One of the book’s most intriguing theories is that fetal imprinting, an evolutionary strategy to prepare children to cope with life, establishes a permanent set-point in a child's physiology. Baby's born to mothers highly anxious during pregnancy, whether from war, natural disasters, failed marriages, or other stressful life conditions, may thus be prone to mental illness and brain dysfunction later in life. Early traumatic events such as low oxygen at birth, painkillers and antidepressants administered to the mother during pregnancy, poor maternal nutrition, and a lack of parental affection in the first years of life may compound the effect.
In making the case for a brand-new, unified field theory of psychotherapy, Dr. Janov weaves together the evolutionary theories of Jean Baptiste Larmarck, the fetal development studies of Vivette Glover and K.J.S. Anand, and fascinating new research by the psychiatrist Elissa Epel suggesting that telomeres—a region of repetitive DNA critical in predicting life expectancy—may be significantly altered during pregnancy.

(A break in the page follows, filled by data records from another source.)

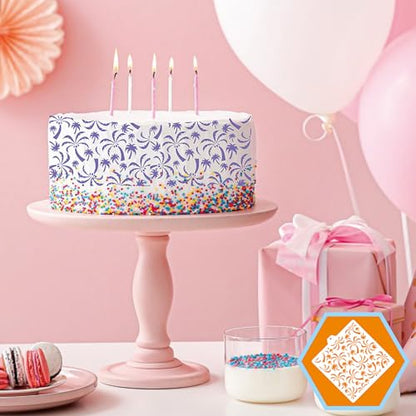 Stencil Genie 16 Pcs 5.5x5.5in Baking Stencils for Royal Icing, Airbrush; Sugar Cookies; Craft Painting - style: Flowers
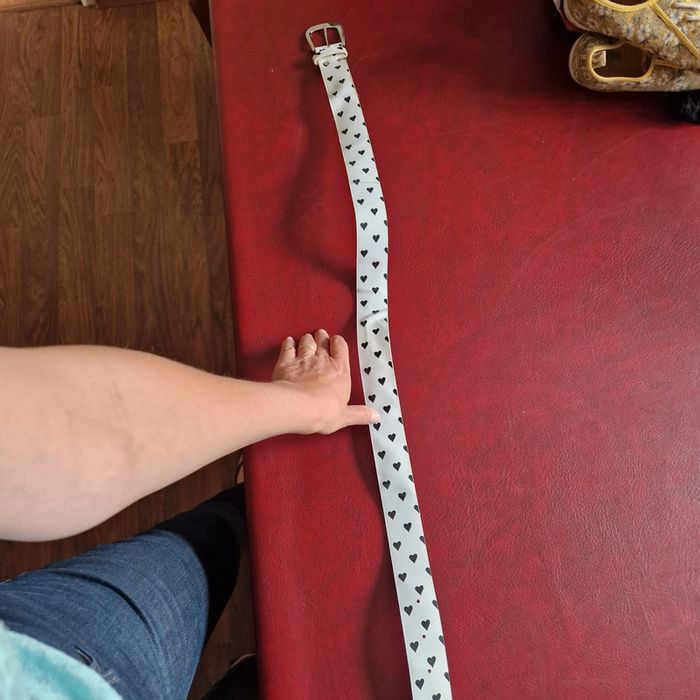 105cm ceinture blanche à cœur noir - photo numéro 2
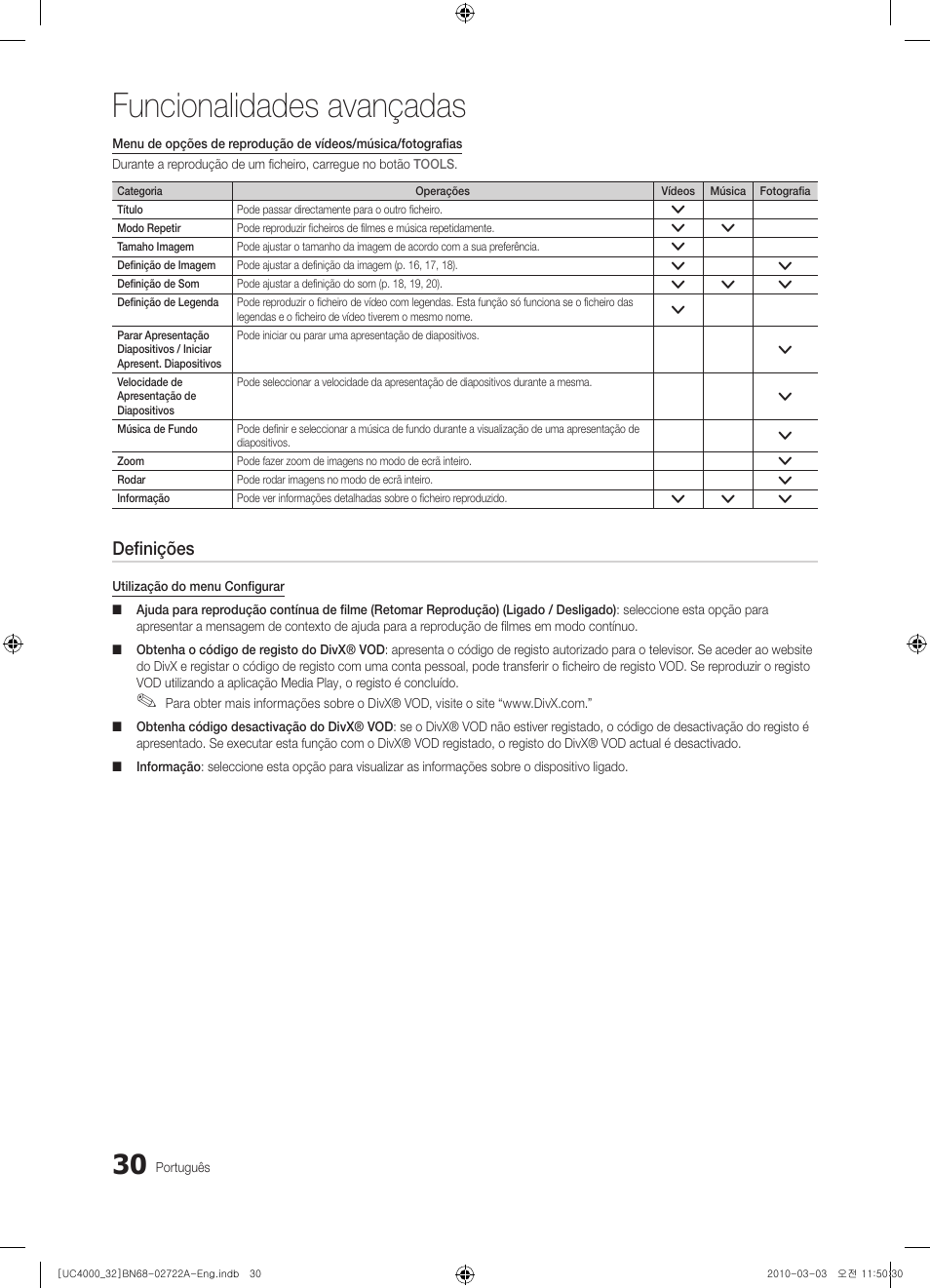 Funcionalidades avançadas, Definições | Samsung UE32C4000PW User Manual | Page 162 / 265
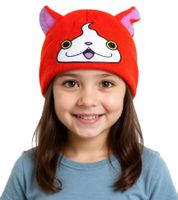 Yo-kai Watch Jibanyan Beanie, Knitted Hat, Children's Headwear with Ears, KC472464YKW, Orange/Pink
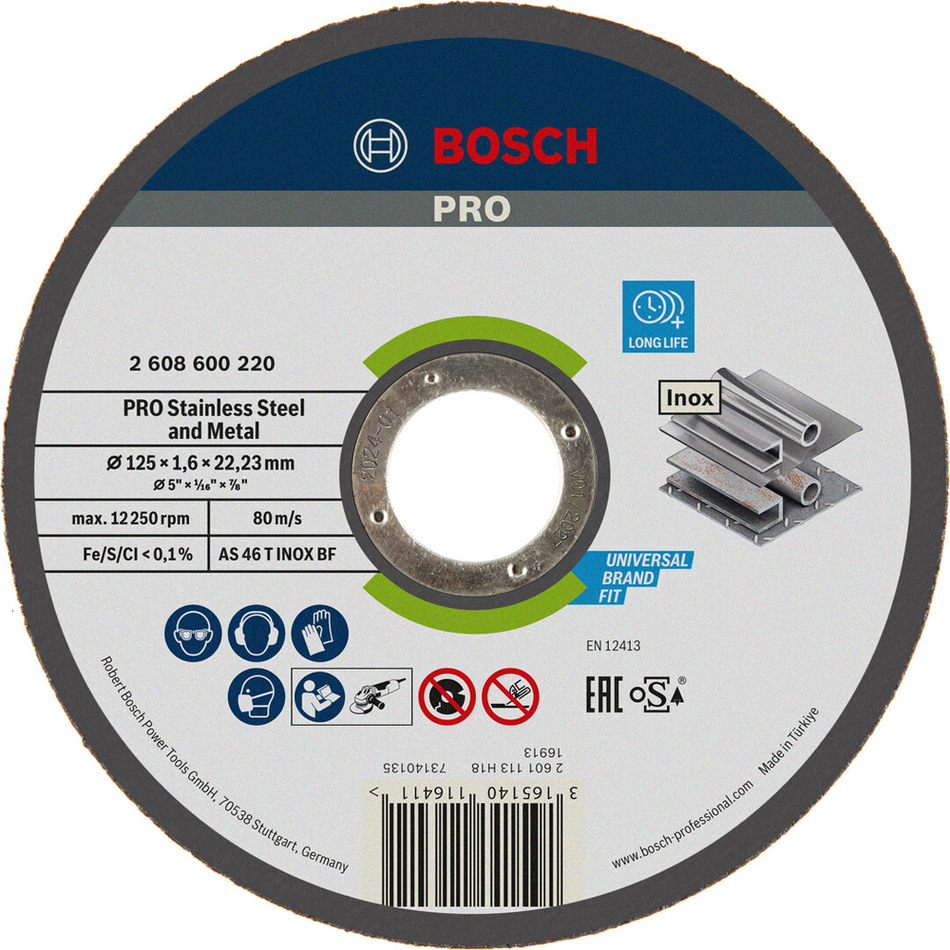 Bosch Professional Stainless Steel and Metal Bonded Cutting Disc 125 x 1.6 x 22.23mm Straight 2608600220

After explaining how hormonal and neurologic processes in the womb provide a blueprint for later mental illness and disease, Dr. Janov charts a revolutionary new course for psychotherapy. He provides a sharp critique of cognitive behavioral therapy, psychoanalysis, and other popular “talk therapy” models for treating addiction and mental illness, which he argues do not reach the limbic system and brainstem, where the effects of early trauma are registered in the nervous system.
“Life Before Birth: The Hidden Script that Rules Our Lives” is scheduled to be published by NTI Upstream in October 2011, and has tremendous implications for the future of modern psychology, pediatrics, pregnancy, and women’s health.